Task data ->
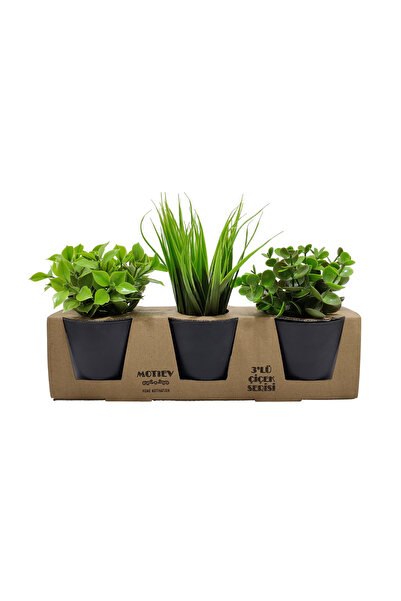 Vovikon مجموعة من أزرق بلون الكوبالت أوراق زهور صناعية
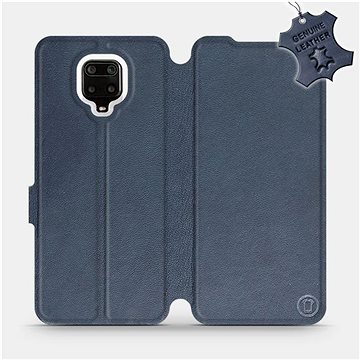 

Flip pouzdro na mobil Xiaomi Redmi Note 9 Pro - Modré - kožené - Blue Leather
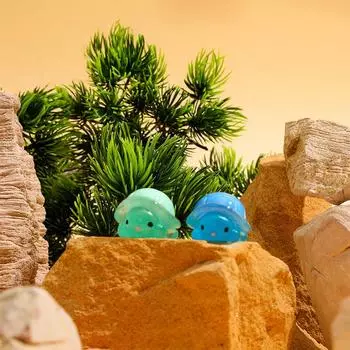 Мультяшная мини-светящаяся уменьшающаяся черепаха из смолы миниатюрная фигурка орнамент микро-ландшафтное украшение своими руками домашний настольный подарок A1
...
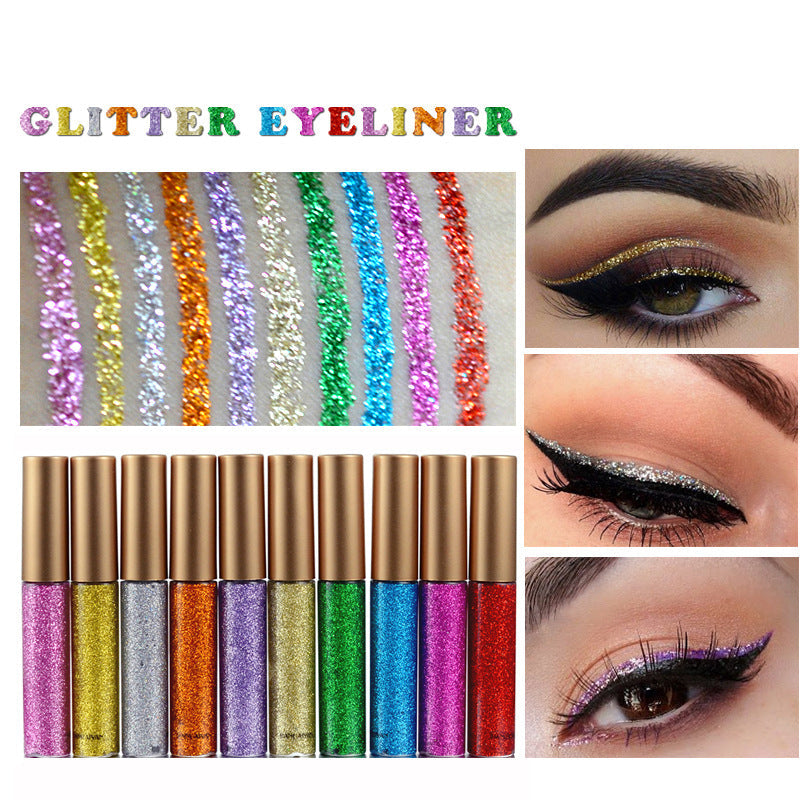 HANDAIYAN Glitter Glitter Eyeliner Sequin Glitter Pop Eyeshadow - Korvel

Exercise prompt ->
In the listing above, find the line containing "Flip pouzdro na" and the line containing "Мультяшная мини-светящаяся уменьшающаяся". Print those two lines and every line between them exactly, with no pictures.

Answer space ->
Flip pouzdro na mobil Xiaomi Redmi Note 9 Pro - Modré - kožené - Blue Leather
 Мультяшная мини-светящаяся уменьшающаяся черепаха из смолы миниатюрная фигурка орнамент микро-ландшафтное украшение своими руками домашний настольный подарок A1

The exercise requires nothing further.